Minha irmã mora em uma cidade capixaba onde cães são criados no quintal, muitas vezes sem muros. Dividem com os cavalos o pasto, as ruas de terra, a atenção e os parasitos. Foi nesse ambiente bastante rural que minha sobrinha bateu o pé para adotar uma cachorrinha quase de colo.
Sophie, vira-latinha de lhasa apso, chegou com poucos meses. Exigia cuidados que as pessoas por lá não estão habituadas a dispensar a animais. Mas a adoção fora autorizada sob a condição de que minha sobrinha arcasse com o trabalho.
Alguns meses se passaram até aquele domingo; ao telefone, minha irmã pedia para eu adotar Sophie. Estava exausta das travessuras, dizia, dos xixis fora de lugar e do choro noturno, além das constantes discussões com a filha. A menina, então com sete anos, não estava cumprindo sua parte no combinado.
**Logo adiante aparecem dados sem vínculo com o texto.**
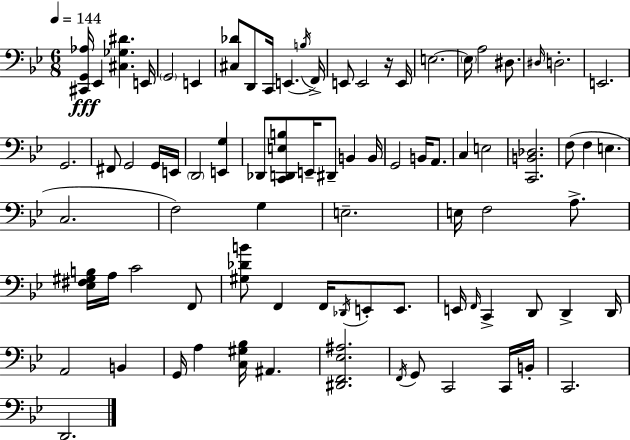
X:1
T:Untitled
M:6/8
L:1/4
K:Gm
[^C,,G,,_A,]/4 _E,, [^C,_G,^D] E,,/4 G,,2 E,, [^C,_D]/2 D,,/2 C,,/4 E,, B,/4 F,,/4 E,,/2 E,,2 z/4 E,,/4 E,2 E,/4 A,2 ^D,/2 ^D,/4 D,2 E,,2 G,,2 ^F,,/2 G,,2 G,,/4 E,,/4 D,,2 [E,,G,] _D,,/2 [C,,D,,E,B,]/2 E,,/4 ^D,,/2 B,, B,,/4 G,,2 B,,/4 A,,/2 C, E,2 [C,,B,,_D,]2 F,/2 F, E, C,2 F,2 G, E,2 E,/4 F,2 A,/2 [_E,^F,^G,B,]/4 A,/4 C2 F,,/2 [^G,_DB]/2 F,, F,,/4 _D,,/4 E,,/2 E,,/2 E,,/4 F,,/4 C,, D,,/2 D,, D,,/4 A,,2 B,, G,,/4 A, [C,^G,_B,]/4 ^A,, [^D,,F,,_E,^A,]2 F,,/4 G,,/2 C,,2 C,,/4 B,,/4 C,,2 D,,2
Ouvi. Disse que receberia Sophie, mas que discordava de sua decisão. Primeiro, pelo óbvio motivo de que a mensagem à criança estava cheia de vícios. Em resumo: comprometa-se com algo, não cumpra a sua parte, e eu resolverei para você.
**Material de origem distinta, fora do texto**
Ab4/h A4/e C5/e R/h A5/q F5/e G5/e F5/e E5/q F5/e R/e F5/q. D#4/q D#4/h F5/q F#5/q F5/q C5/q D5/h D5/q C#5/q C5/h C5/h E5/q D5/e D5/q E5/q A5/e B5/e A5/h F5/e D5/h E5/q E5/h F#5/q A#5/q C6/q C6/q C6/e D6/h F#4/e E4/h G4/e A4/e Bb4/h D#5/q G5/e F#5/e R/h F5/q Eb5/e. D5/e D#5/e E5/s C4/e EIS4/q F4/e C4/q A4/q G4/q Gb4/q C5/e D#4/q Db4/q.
Ilustração Tiago Elcerdo | ||
Segundo, porque cães precisam de tempo. Não são objetos que meramente passamos adiante quando não se encaixam na nossa expectativa, não gostamos do visual ou do tom que deram à sala. Cães estabelecem vínculos. A separação seria dolorida para Sophie e para a menina. Uma dor, a meu ver, desnecessária.
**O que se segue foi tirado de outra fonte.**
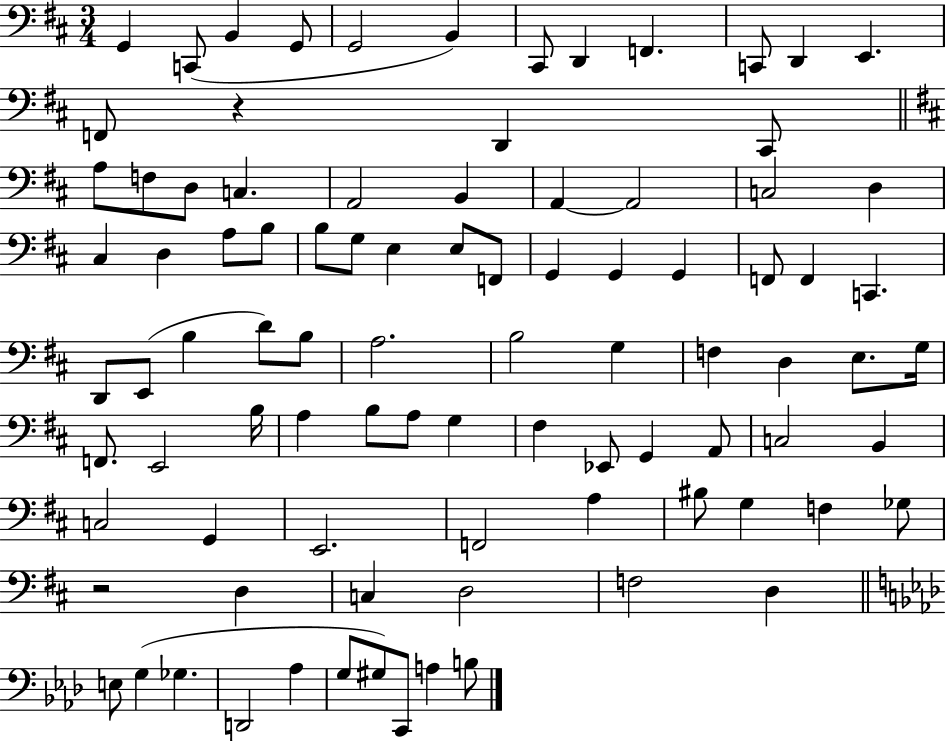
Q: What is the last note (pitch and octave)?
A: B3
E mais: eu não a devolveria anos depois, quando elas vissem como a cachorrinha cresceu linda e esperta. Pois, como já dissera, cães não são objetos e estabelecem vínculos.
Sophie nunca embarcou. Isso tudo foi há quatro anos. No período, fotos da família em redes sociais sugeriam que a vida entrara nos eixos.
No final de semana, veio a notícia: ela está prenhe. Decidiram que será mais feliz se tiver companhia e deixaram que cruzasse. Discordo uma vez mais: em região de tantos errantes, bastava adotar mais um.
Mas minha irmã pedia dicas para garantir uma gestação saudável à cachorra, hoje a princesinha da casa. Uma guinada e tanto! Agora, o desafio virá em dose tripla.